What this task involves = Below, find the line containing "You can also" and the line containing "From 12am to"; reproduce exactly those two and every line between them, omitting pictures.

Supplied data =
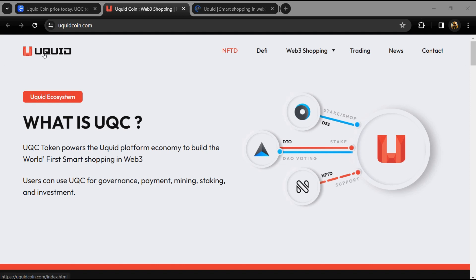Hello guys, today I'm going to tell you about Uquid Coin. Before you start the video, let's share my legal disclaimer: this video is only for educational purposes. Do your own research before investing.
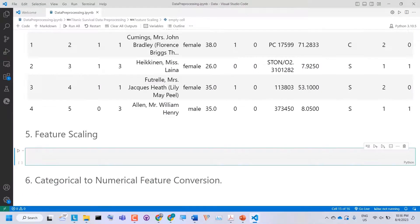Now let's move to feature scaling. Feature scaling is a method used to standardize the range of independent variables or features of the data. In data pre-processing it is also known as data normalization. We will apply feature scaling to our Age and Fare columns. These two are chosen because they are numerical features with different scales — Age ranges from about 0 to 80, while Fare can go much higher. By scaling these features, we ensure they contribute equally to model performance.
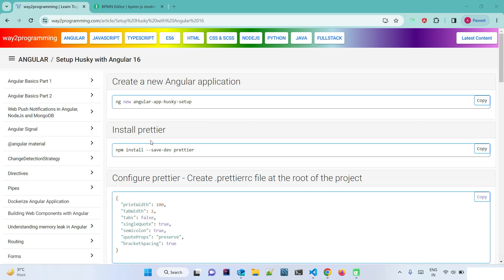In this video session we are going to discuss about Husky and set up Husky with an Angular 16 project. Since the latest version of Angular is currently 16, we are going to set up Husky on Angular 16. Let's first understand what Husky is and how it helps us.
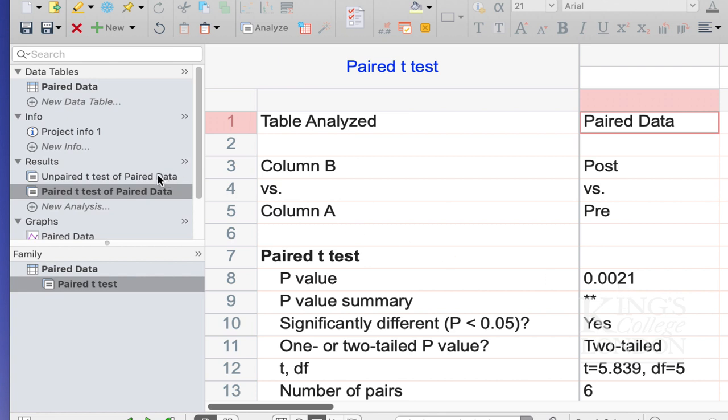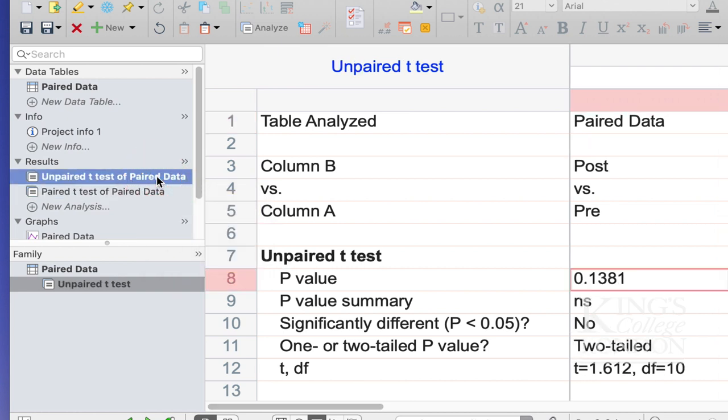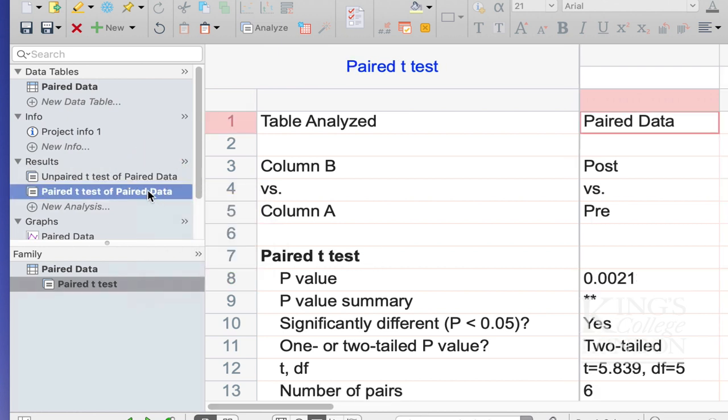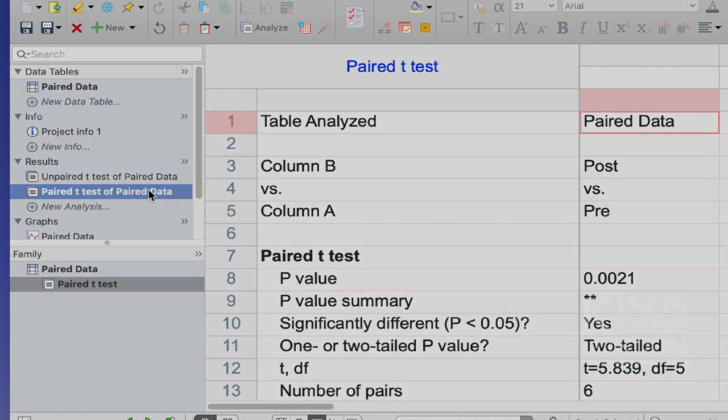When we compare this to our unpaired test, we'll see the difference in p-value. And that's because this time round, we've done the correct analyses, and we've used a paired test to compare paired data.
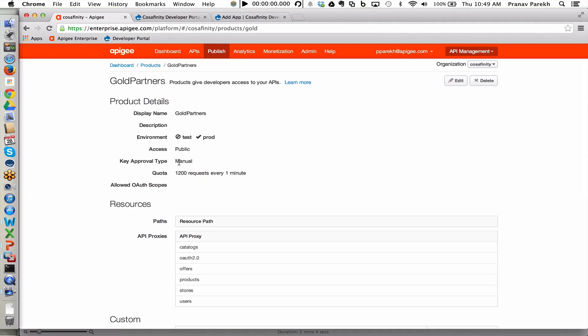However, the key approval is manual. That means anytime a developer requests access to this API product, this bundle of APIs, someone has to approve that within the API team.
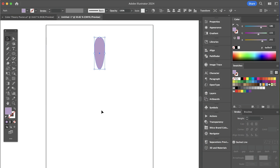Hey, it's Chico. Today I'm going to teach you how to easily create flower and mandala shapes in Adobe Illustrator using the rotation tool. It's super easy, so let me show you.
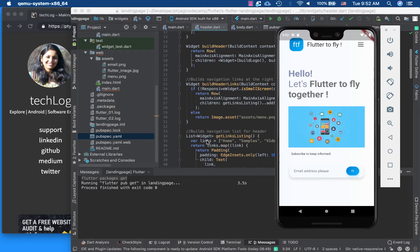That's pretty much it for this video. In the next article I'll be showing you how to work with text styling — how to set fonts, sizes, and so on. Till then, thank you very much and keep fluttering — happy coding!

==

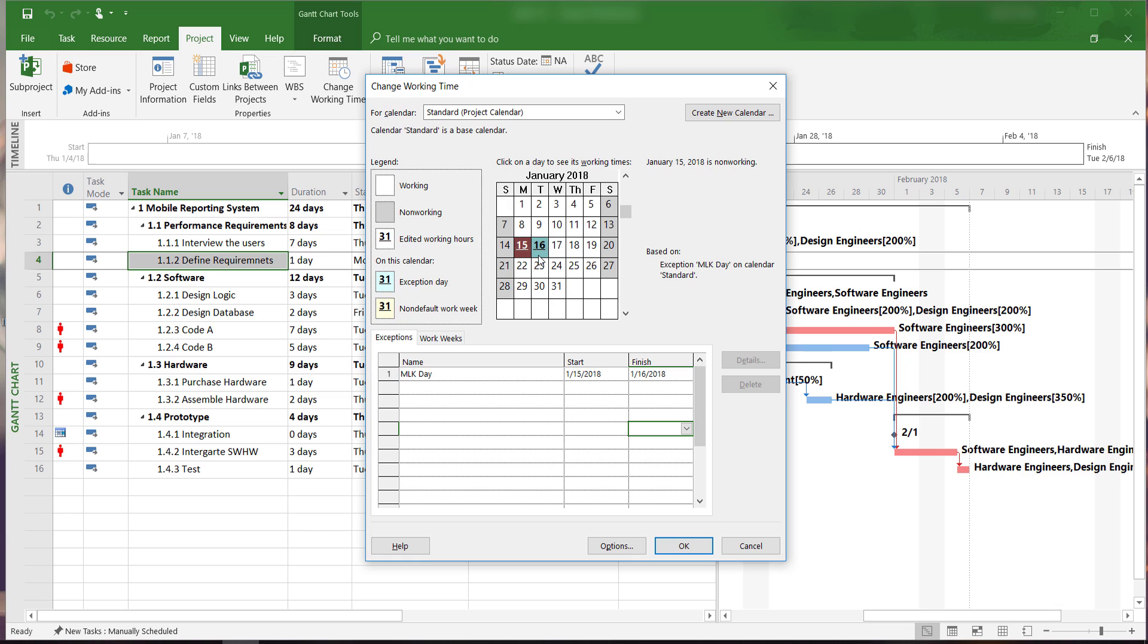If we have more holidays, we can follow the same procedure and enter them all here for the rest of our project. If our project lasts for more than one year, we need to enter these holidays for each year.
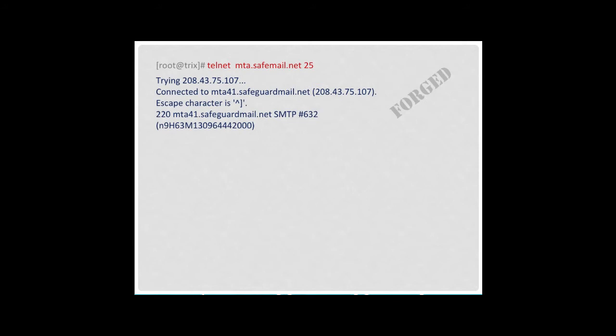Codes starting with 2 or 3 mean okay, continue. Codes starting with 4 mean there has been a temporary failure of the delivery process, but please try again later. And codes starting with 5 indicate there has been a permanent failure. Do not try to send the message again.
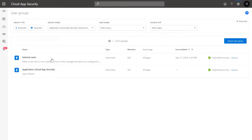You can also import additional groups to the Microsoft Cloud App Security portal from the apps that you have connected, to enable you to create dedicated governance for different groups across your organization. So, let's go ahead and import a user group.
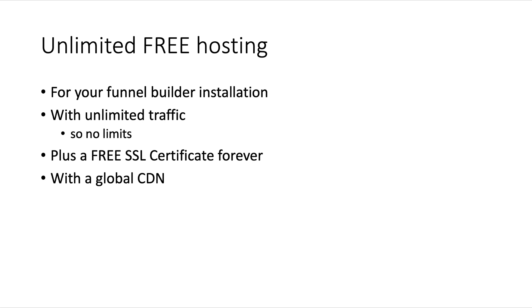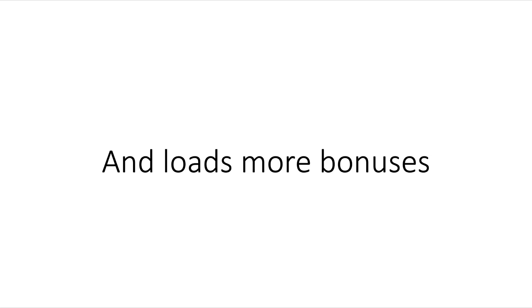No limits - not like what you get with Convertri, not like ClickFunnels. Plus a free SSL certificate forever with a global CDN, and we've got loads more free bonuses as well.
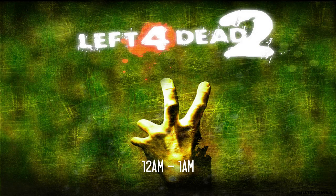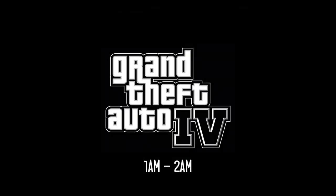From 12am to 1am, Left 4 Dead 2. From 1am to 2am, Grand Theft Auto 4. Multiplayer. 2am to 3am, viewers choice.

Task output =
You can also import additional groups to the Microsoft Cloud App Security portal from the apps that you have connected, to enable you to create dedicated governance for different groups across your organization. So, let's go ahead and import a user group.
No limits - not like what you get with Convertri, not like ClickFunnels. Plus a free SSL certificate forever with a global CDN, and we've got loads more free bonuses as well.
From 12am to 1am, Left 4 Dead 2. From 1am to 2am, Grand Theft Auto 4. Multiplayer. 2am to 3am, viewers choice.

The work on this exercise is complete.